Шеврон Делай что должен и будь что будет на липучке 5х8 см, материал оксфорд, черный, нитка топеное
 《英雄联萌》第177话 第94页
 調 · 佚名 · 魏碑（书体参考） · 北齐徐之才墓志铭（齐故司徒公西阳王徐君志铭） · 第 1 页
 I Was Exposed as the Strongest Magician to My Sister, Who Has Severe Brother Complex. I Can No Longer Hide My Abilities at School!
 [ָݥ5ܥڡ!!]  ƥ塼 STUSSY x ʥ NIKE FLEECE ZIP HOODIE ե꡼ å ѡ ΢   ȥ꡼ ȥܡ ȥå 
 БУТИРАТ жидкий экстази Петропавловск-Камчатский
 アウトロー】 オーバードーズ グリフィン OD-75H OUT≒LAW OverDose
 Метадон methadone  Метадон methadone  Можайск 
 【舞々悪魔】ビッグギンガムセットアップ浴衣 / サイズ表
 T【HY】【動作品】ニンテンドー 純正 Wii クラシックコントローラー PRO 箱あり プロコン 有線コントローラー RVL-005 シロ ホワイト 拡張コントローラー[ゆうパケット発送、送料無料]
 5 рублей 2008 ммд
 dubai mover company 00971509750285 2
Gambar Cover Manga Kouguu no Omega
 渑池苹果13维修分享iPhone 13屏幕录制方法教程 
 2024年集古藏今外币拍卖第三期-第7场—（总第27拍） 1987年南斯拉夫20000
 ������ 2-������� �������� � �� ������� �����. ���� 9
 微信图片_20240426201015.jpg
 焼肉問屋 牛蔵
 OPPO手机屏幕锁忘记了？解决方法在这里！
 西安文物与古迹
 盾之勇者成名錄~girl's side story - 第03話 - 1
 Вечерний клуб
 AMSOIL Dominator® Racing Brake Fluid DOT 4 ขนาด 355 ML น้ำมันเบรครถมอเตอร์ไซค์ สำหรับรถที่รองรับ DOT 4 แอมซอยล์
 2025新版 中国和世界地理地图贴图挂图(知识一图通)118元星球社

§ **WHAT TO PRODUCE**
Repeat everything in the listing above exactly.

§ **YOUR SOLUTION**
Шеврон Делай что должен и будь что будет на липучке 5х8 см, материал оксфорд, черный, нитка топеное
 《英雄联萌》第177话 第94页
 調 · 佚名 · 魏碑（书体参考） · 北齐徐之才墓志铭（齐故司徒公西阳王徐君志铭） · 第 1 页
 I Was Exposed as the Strongest Magician to My Sister, Who Has Severe Brother Complex. I Can No Longer Hide My Abilities at School!
 [ָݥ5ܥڡ!!]  ƥ塼 STUSSY x ʥ NIKE FLEECE ZIP HOODIE ե꡼ å ѡ ΢   ȥ꡼ ȥܡ ȥå 
 БУТИРАТ жидкий экстази Петропавловск-Камчатский
 アウトロー】 オーバードーズ グリフィン OD-75H OUT≒LAW OverDose
 Метадон methadone  Метадон methadone  Можайск 
 【舞々悪魔】ビッグギンガムセットアップ浴衣 / サイズ表
 T【HY】【動作品】ニンテンドー 純正 Wii クラシックコントローラー PRO 箱あり プロコン 有線コントローラー RVL-005 シロ ホワイト 拡張コントローラー[ゆうパケット発送、送料無料]
 5 рублей 2008 ммд
 dubai mover company 00971509750285 2
Gambar Cover Manga Kouguu no Omega
 渑池苹果13维修分享iPhone 13屏幕录制方法教程 
 2024年集古藏今外币拍卖第三期-第7场—（总第27拍） 1987年南斯拉夫20000
 ������ 2-������� �������� � �� ������� �����. ���� 9
 微信图片_20240426201015.jpg
 焼肉問屋 牛蔵
 OPPO手机屏幕锁忘记了？解决方法在这里！
 西安文物与古迹
 盾之勇者成名錄~girl's side story - 第03話 - 1
 Вечерний клуб
 AMSOIL Dominator® Racing Brake Fluid DOT 4 ขนาด 355 ML น้ำมันเบรครถมอเตอร์ไซค์ สำหรับรถที่รองรับ DOT 4 แอมซอยล์
 2025新版 中国和世界地理地图贴图挂图(知识一图通)118元星球社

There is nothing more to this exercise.